Driven by global uncertainty
Tensions surrounding strategic territories, such as Greenland, the economic fragility of Venezuela, and political uncertainties in the United States are creating a climate of persistent instability. These factors reinforce the appeal of gold, seen as a tangible safe haven against the extreme fluctuations of traditional markets.

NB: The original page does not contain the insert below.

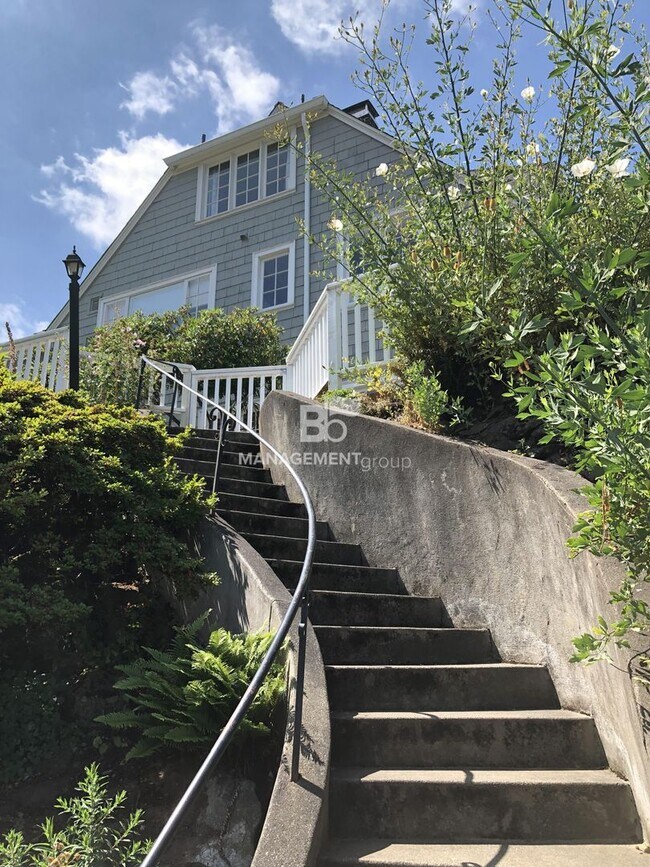 Photo - Portland Heights- Beautiful Home loaded with Character & Charm-Updated Kitchen- Spacious Yard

Central banks have amplified this dynamic by massively accumulating gold. Over the past ten years, they have added more than 10,000 tons to their reserves, or about 1,000 tons per year. This structural demand has stabilized prices and provided sustained support to markets, beyond speculative fluctuations. At the same time, real interest rates remain relatively low in most major economies. After several cycles of tightening, the prospect of stabilizing rates or a slowdown in their rise makes gold more attractive, as the opportunity cost of holding it decreases. Investor psychology also plays a central role. «Each major threshold crossing attracts new flows, whether in physical gold, index funds, or mining stocks, creating a virtuous circle that amplifies the upward trend», explains an asset manager. In Morocco, where the share of gold in portfolios is still limited, these global movements are prompting local players to reassess their strategies. Global flows into gold-backed exchange- traded funds ( ETFs ) have tripled over the past ten years, reflecting the growing demand for a protective asset within diversified portfolios.
Compared to other assets
Gold maintains its position as a safe haven asset amidst financial market volatility and geopolitical uncertainties. Compared to equities, whether on the Casablanca Stock Exchange or international indices, gold offers relative stability, particularly during times of crisis. Sovereign bonds provide regular returns but do not protect against inflation or currency depreciation, which gold can partially offset. For Moroccan investors, including gold in a portfolio is a way to diversify risk while securing a portion of their capital. The goal is not to generate current income like bonds or to benefit from stock market growth, but rather to have a tool for protection and stability against local and international turbulence.